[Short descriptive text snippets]
*** Block opens ***

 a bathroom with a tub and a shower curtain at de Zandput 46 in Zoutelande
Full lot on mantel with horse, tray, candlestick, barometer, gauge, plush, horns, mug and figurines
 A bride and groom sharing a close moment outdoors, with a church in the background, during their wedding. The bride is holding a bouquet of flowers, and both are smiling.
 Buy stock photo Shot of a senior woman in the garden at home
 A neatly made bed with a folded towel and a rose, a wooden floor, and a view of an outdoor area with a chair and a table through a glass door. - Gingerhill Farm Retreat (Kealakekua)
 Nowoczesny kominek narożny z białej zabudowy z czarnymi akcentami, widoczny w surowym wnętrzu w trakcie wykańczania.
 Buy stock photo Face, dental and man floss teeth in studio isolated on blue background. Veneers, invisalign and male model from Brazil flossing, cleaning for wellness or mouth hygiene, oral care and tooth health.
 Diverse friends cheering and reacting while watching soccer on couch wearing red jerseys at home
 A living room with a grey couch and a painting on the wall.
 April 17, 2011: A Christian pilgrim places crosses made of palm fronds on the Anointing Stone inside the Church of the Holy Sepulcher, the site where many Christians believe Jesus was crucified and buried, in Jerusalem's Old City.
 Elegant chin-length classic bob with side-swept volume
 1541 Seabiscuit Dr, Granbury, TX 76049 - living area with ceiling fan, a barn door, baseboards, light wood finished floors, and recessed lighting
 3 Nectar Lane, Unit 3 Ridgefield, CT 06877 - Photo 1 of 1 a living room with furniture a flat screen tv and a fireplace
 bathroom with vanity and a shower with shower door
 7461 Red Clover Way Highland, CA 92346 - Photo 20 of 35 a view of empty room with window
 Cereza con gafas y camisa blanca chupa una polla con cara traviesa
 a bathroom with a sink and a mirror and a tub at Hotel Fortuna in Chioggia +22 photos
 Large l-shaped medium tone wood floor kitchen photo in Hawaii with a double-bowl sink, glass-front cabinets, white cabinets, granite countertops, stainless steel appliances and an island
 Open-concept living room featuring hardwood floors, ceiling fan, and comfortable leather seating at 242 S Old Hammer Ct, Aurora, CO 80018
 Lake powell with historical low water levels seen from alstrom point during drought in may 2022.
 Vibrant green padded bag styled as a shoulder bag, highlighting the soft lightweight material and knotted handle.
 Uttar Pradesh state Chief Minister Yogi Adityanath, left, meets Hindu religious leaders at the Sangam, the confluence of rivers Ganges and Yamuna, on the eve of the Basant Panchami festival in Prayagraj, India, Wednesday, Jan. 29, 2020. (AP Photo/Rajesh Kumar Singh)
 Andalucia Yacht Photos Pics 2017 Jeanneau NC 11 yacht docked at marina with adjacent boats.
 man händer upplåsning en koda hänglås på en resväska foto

*** Block closes ***

_TASK_
Give the exact lines, and only those, from the line containing "7461 Red Clover" through the line containing "a bathroom with a sink" in the entries above.

_EXPECTED ANSWER_
 7461 Red Clover Way Highland, CA 92346 - Photo 20 of 35 a view of empty room with window
 Cereza con gafas y camisa blanca chupa una polla con cara traviesa
 a bathroom with a sink and a mirror and a tub at Hotel Fortuna in Chioggia +22 photos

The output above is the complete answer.